Comparison of lead adsorption on the aged conventional microplastics, biodegradable microplastics and environmentally-relevant tire wear particles

In this study, the adsorption behavior of lead (Pb(II)) onto environmentally-relevant tire wear particles (TWP) gained by natural weathering and mechanical abrasion, ultraviolet-aged polylactic acid microplastics (UV-PLA), and ultraviolet-aged polystyrene microplastics (UV-PS) was compared to investigate the difference of representative microplastics between the adsorption capacity and mechanism. Our results indicated that the aging processes significantly improved the adsorption capacity to Pb(II), and TWP had the highest adsorption amount, followed the order by UV-PLA, UV-PS, PLA and PS. Electrostatic interaction and complexation of oxygen-containing functional groups played crucial roles in the adsorption of Pb(II) onto UV-PLA, the adsorption mechanisms of UV-PS involved electrostatic interaction, complexation and cation-π interaction, while adsorption of TWP was might dominated by the complexation of surface functional groups and properties of the complex rubber co-polymer.
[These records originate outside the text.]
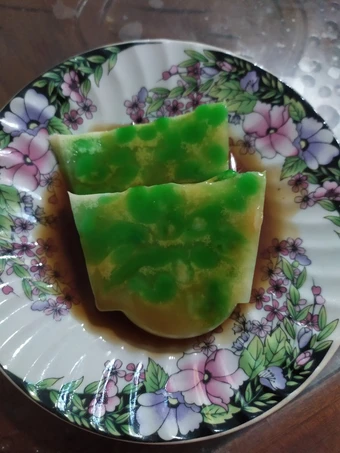 Langkah Gampang Menyiapkan Resep Puding cendol yang Uenak Anti Ribet, Sempurna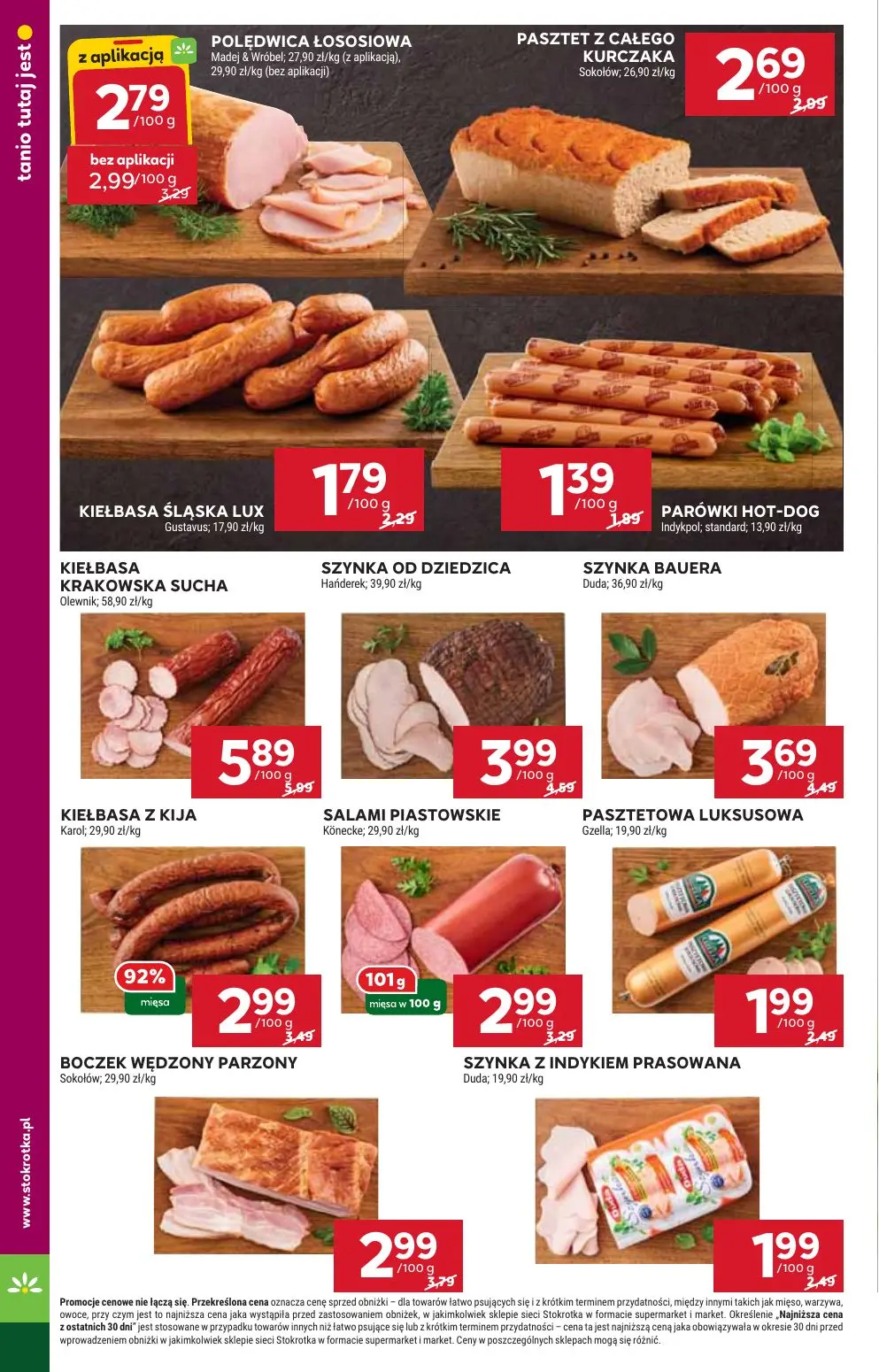 gazetka promocyjna Stokrotka Market  - Strona 6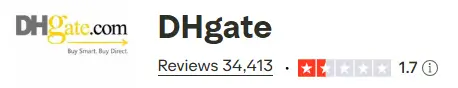 dhgate rating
Interestingly, the low concentration of humic acid (HA) most significantly improved adsorption capacity of aged microplastics to Pb(II), otherwise it was severely suppressed at higher concentration of HA. Besides, the adsorption behavior of different binary systems between aged microplastics and suspended sediment to Pb(II) had complicated synergistic or suppressive effects with a concentration-dependent and polymer-dependent trend. Furthermore, UV-PLA had the far stronger desorption ability of Pb(II) than that of TWP and UV-PS, suggesting that metal-contaminated biodegradable microplastics posed the higher ecological risks to aquatic organisms. Desorption quantity and rates of Pb(II) from aged microplastics in the simulated sediment system were generally higher than those in turbulent water column. Collectively, these findings provide a wide insight into adsorption capacity and mechanisms of metal ions on the representative aged microplastics and the desorption behavior in complex aquatic environments.